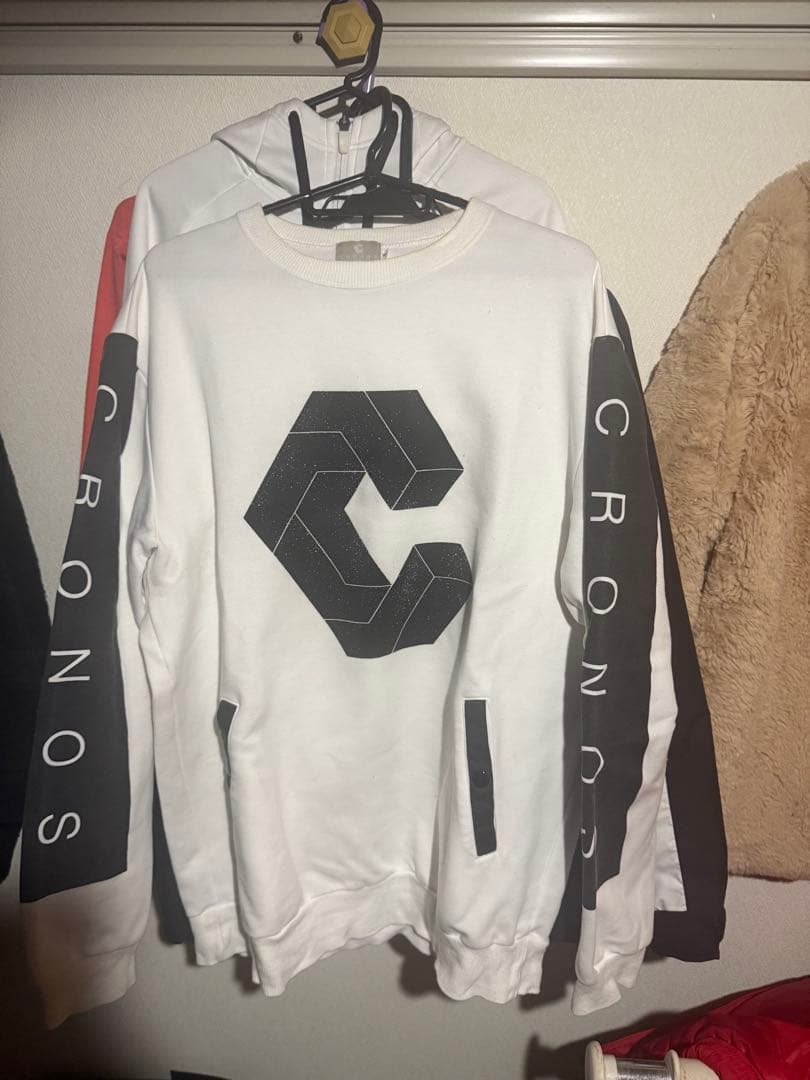 2枚セットCRONOS ナイロンジャケット ホワイト/ブラック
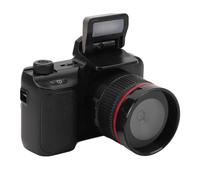 Cámara Micro SLR, Cámara de Vídeo Digital HD 1080P con Giro de 180 Grados, Pantalla de 2 Pulgadas, Zoom 4X, Cámara SLR Digital Compacta Retro de 256 GB para Fotografía de Vídeo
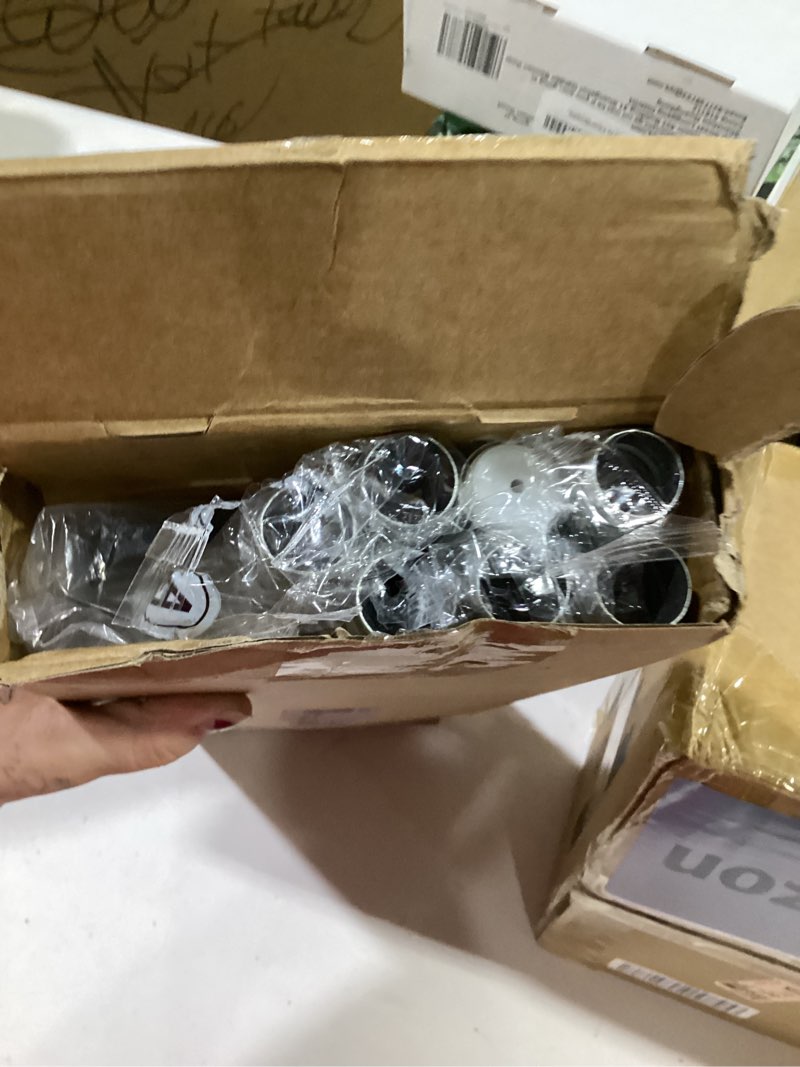 Condition photo showing As Is for 1” diameter silver curtain rods for windows, 1 pack 30-120 inch heavy duty window treatment rods, long adjustable curtain rod, fits most standard windows, suitable for bedroom, living room, farmhouse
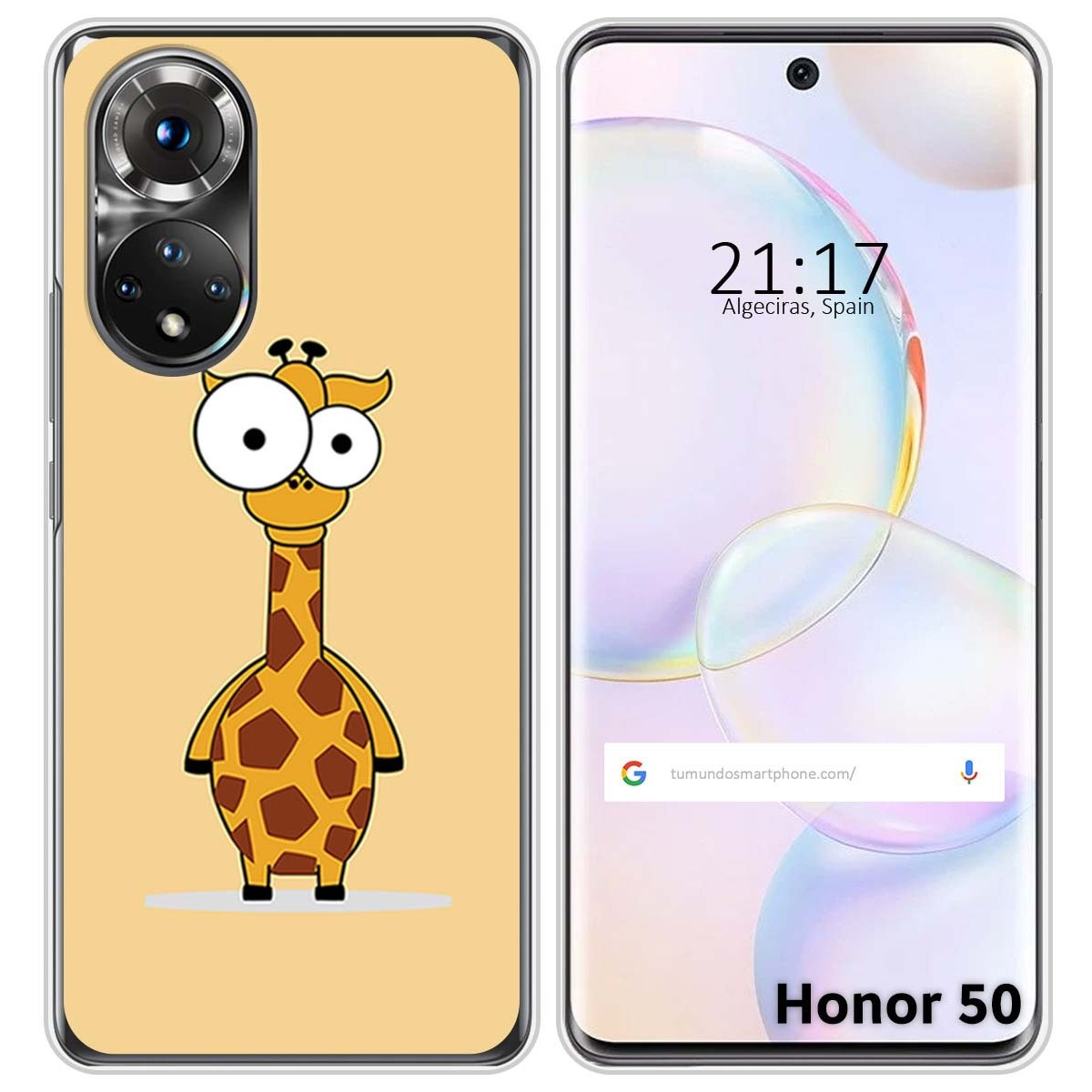 Funda Silicona para Huawei Nova 9 / Honor 50 5G diseño Jirafa Dibujos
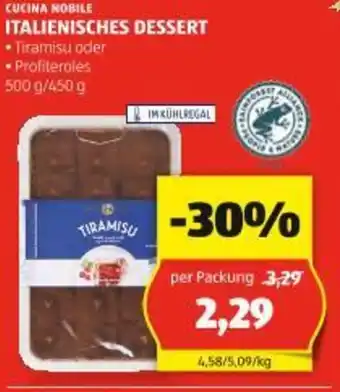 Hofer ITALIENISCHES DESSERT Angebot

» **AIM OF THE EXERCISE**
The exact lines from the one containing "Funda Silicona para" through the end of the data are to be copied, with both ends kept and pictures left out.

» **OUTPUT BELOW**
 Funda Silicona para Huawei Nova 9 / Honor 50 5G diseño Jirafa Dibujos
 Hofer ITALIENISCHES DESSERT Angebot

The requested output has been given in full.